What language did the Franks speak?

Through the dialect jungle

"In Ganns Unnerfrangn there are probably thousands of dialects, gwasi in every place". This is what it says in the Asterix volume "Die Fråche der Ehre" in Main Franconian. It is easy to imagine that around 1000 variants would come together if you take all parts of Franconia together.

Dialects without borders
The dialect is not based on the administrative boundaries of the administrative districts. In the Nuremberg area, for example, Bavarian overlaps with Franconian, and further north, Thuringian. In the southwest, Swabian asserts its influence and in the northwest some speak Hessian.

Soft and transformed
What the Franks have in common is what the linguists call "internal German consonant weakening". P, t and k become to b, d and G soft melted. This is how the Opel becomes the Obel and from the politician of the Bollidiger. To avoid mix-ups, this will be b as "soft b" that p referred to as "hard b". There is also a "soft d" (d) and a "hard d" (t).

And then there is the transformed G. That's not what it is called in Franconia, but Würzburg Wörzburch.
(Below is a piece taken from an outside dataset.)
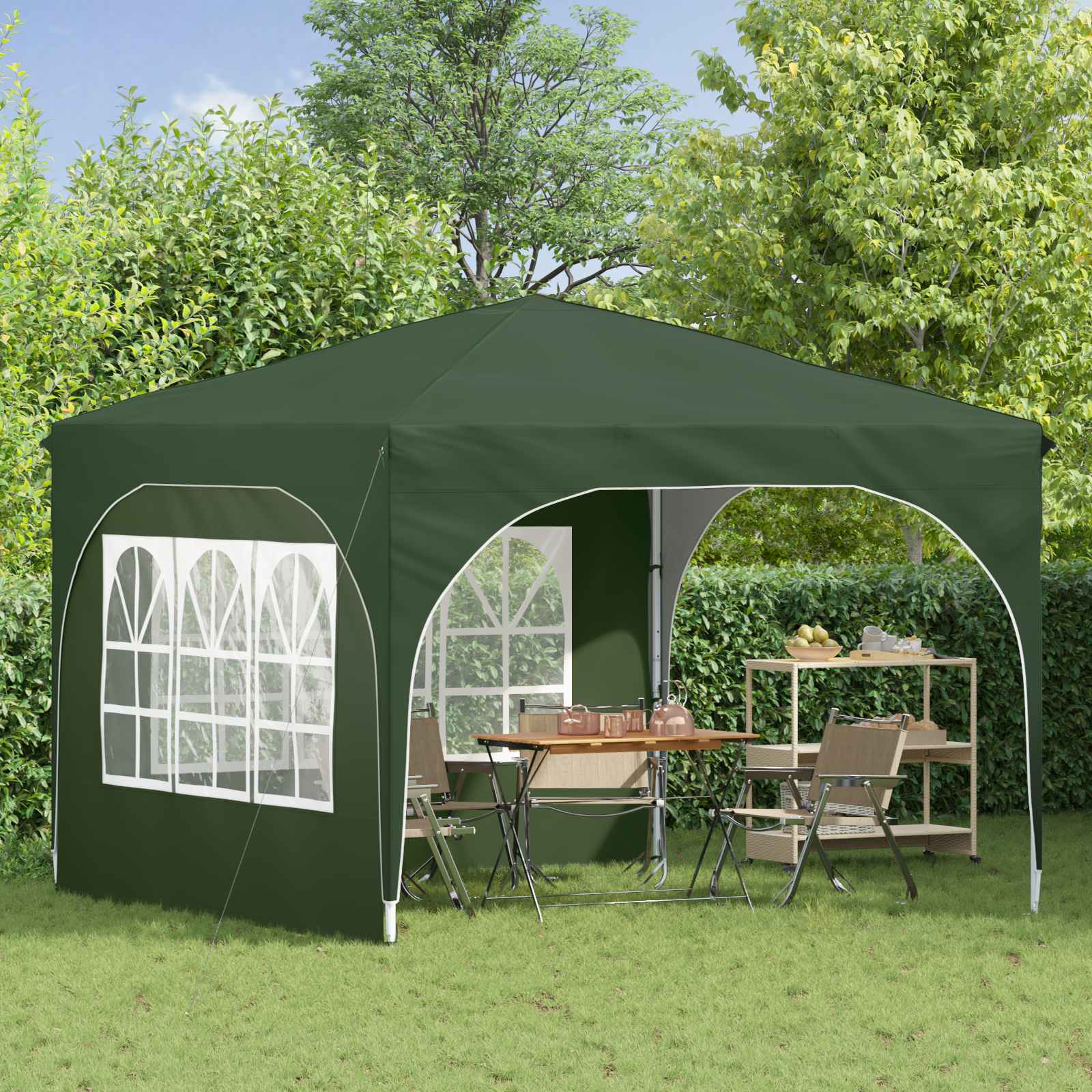 Pop-up Partyzelt 290 x 290 x 245 cm Grün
Another specialty is the mix of a and Othat sounds like a Nordic nasal, such as in Banana.

Potatoes with a difference
One and the same thing can have completely different names depending on the region. This is clear from the names of Germany's number one side dish. Franconia's spectrum ranges from Potato above Earth pear up to Ground pearwho have also been one Groundberry can be.